The new revolution demands a new model of value. As we see intangibles comprising record proportions of valuations (87% of the value of the S&P is now intangible vs. 17% in 1975), the value on the relationship capital in one’s business ecosystem is higher than ever. This is a clear sign that we all need to get better at managing social, intellectual, human, and relational capital. Purpose is a central means of doing so, and smart companies are using it to advantage while others fumble.
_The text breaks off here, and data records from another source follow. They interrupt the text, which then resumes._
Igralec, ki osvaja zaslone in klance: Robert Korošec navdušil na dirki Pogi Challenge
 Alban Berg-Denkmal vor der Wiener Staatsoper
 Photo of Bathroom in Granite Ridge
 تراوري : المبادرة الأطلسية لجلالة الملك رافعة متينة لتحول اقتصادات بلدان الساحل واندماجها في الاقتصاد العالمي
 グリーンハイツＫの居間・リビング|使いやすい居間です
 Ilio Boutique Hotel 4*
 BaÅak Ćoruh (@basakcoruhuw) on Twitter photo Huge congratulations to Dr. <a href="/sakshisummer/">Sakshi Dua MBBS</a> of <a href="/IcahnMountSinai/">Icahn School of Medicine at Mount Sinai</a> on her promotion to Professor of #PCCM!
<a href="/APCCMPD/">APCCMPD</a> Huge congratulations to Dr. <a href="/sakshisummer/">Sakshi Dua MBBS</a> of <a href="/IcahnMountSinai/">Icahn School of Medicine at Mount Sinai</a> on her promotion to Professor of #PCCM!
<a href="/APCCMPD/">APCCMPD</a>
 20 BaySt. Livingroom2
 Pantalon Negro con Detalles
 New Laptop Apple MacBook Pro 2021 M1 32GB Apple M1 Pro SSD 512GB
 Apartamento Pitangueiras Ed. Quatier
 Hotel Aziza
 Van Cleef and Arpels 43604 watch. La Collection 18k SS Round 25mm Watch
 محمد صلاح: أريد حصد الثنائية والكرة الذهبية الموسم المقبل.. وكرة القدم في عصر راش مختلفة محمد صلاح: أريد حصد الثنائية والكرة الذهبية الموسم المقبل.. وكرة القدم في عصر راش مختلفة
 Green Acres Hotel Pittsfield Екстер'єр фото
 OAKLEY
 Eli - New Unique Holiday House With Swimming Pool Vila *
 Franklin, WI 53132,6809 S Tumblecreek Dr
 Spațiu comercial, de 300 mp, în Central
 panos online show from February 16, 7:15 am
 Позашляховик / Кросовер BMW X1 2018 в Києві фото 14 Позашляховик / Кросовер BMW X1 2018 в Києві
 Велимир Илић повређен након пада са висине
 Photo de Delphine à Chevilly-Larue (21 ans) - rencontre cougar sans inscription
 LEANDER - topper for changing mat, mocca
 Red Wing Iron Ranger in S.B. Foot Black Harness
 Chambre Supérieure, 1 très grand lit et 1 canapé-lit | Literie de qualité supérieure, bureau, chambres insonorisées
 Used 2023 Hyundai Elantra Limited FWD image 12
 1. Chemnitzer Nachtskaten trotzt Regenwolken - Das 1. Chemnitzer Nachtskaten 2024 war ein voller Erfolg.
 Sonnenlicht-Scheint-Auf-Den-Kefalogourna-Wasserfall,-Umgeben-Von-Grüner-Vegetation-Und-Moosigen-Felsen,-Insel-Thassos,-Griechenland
The stakes are high, and kitschy attempts to overreach on purpose will continue to be greeted by consumer skepticism, just as many of this year’s Super Bowl ads were criticized. This is just a clear indication that brand-washing is not the same as truly purpose-led strategy. But make no mistake, competition includes this dimension of differentiation going forward more than ever. At least one of the world’s biggest accounting firms sees the value with Ernst and Young’s Vallerie Keller creating the Beacon Institute to help organizations to realize the value of purpose. And we have seen innovative mid-market firms like IT provider Candorisembrace purpose to grow at a multiple to the market.
In one of my favorite examples of purpose-lead execution, POM Wonderful and a consumer group successfully sued Coca-Cola over its Minute Maid Blueberry Pomegranate juice that contained 0.3% and 0.2% of the juices respectively, and the product was subsequently withdrawn from the market. That’s a daring example of using purpose to deliver a knock-out punch to the competition.
While Unilever’s move won’t knock out any competitors, it may be the beginning of a new chapter for modern brands. With investors like Blackrock cheering them on, Unilever’s declaration that the networks be more trustworthy is a not just a smart move, but one that offers little risk for the brand along with lots of benefits for the rest of us.